Hail version: 0.2.41-b8144dba46e6
Error summary: IOException: No FileSystem for scheme: gs

The annotation DB only works for Hail inside Google Cloud. Hail team maintains tools to make that easy.

If you cannot use the cloud, you can download the gnomad loci to your computer from the gnomad website directly:

Then you can do something like:

gnomad = hl.read_table('/path/to/')
mt = mt.annotate_rows(gnomad = gnomad[, mt.alleles])
1 Like

Thanks @danking @tpoterba .
I was able to download the download the loci and do the annotation.

@kumarveerapen I was able to do the annotation with my data. Thanks

@tpoterba @kumarveerapen . The data I have is Ghanaian Ancestry with just 1 phenotype. Because I don’t have controls, I would like to use data from gnomeAD (african subset) as my negative control and then perform the rest of the analysis.
I have been able to download the exome data and performed the annotation as you suggested. But i have no idea how to extract only the african population from the data. If you have any other approach i am willing to try as well. Thanks for the help.
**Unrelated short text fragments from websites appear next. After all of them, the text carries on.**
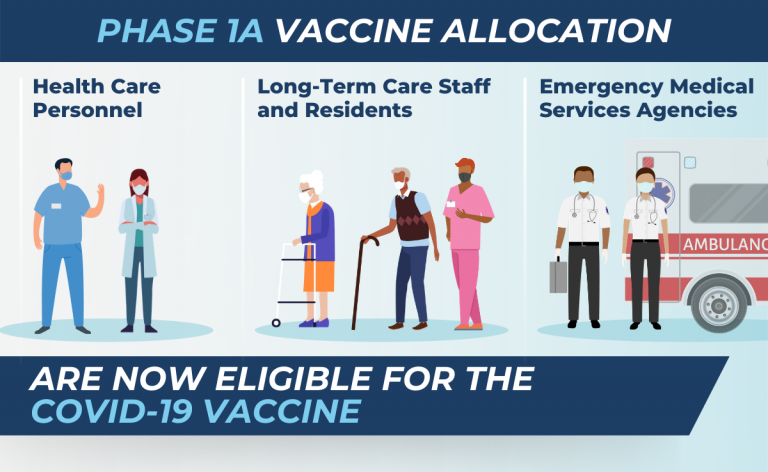 Vaccination Timeline Delaware�s Coronavirus Official Website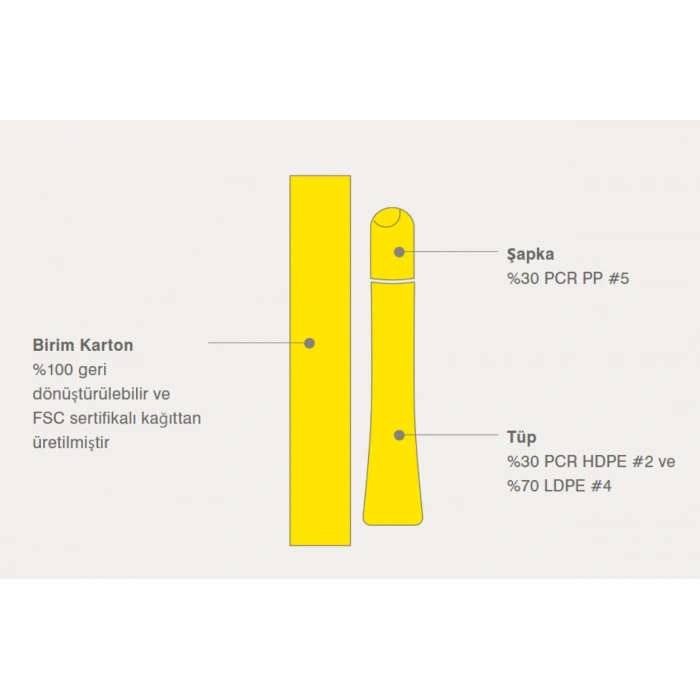 Rhode Peptide LıpTınt Baume A Levres Teınte Aux Peptıdes Lemontine Lip Balm 10 ml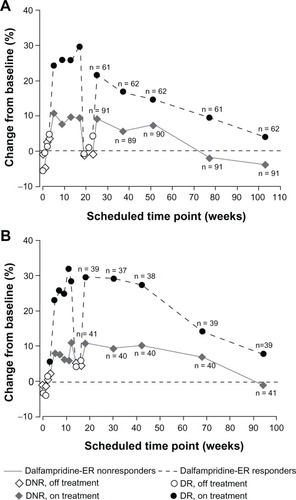 Figure 6 Percent change from baseline in walking speed by double-blind dalfampridine-ER responder status among those patients with continuous participation. (A) At week 104 in MS-F203. (B) At week 96 in MS-F204.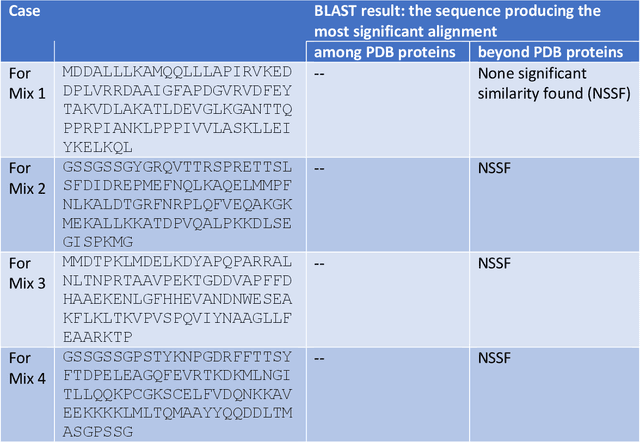 Figure 4 for ForceGen: End-to-end de novo protein generation based on nonlinear mechanical unfolding responses using a protein language diffusion model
Thanks for tagging me, Jotes! I would be very weary about using gnomAD as a control dataset because it was curated for the purpose of describing variation and not to be used as a statistical control, especially since the individual phenotype in gnomAD is not known. Moreover, gnomAD individual level data is not publicly available.

Are there any other control data that you are able to get your hands on? Say something on dbGAP? That way, you could select a phenotype control closest to the phenotype that you are testing and have improved confidence in your variation identifcation.

I was planning to use data from 1000 genomes project. But I found out the vcf they have is for whole genome sequence. So I will download the raw exome sequence and call the snps. What do you think of this plan @tpoterba @kumarveerapen @danking

That’s a relatively better idea. But I would still implore that you attempt to find a phenotype specific control to improve interpretability of your variants.

Thanks @kumarveerapen. I will do that.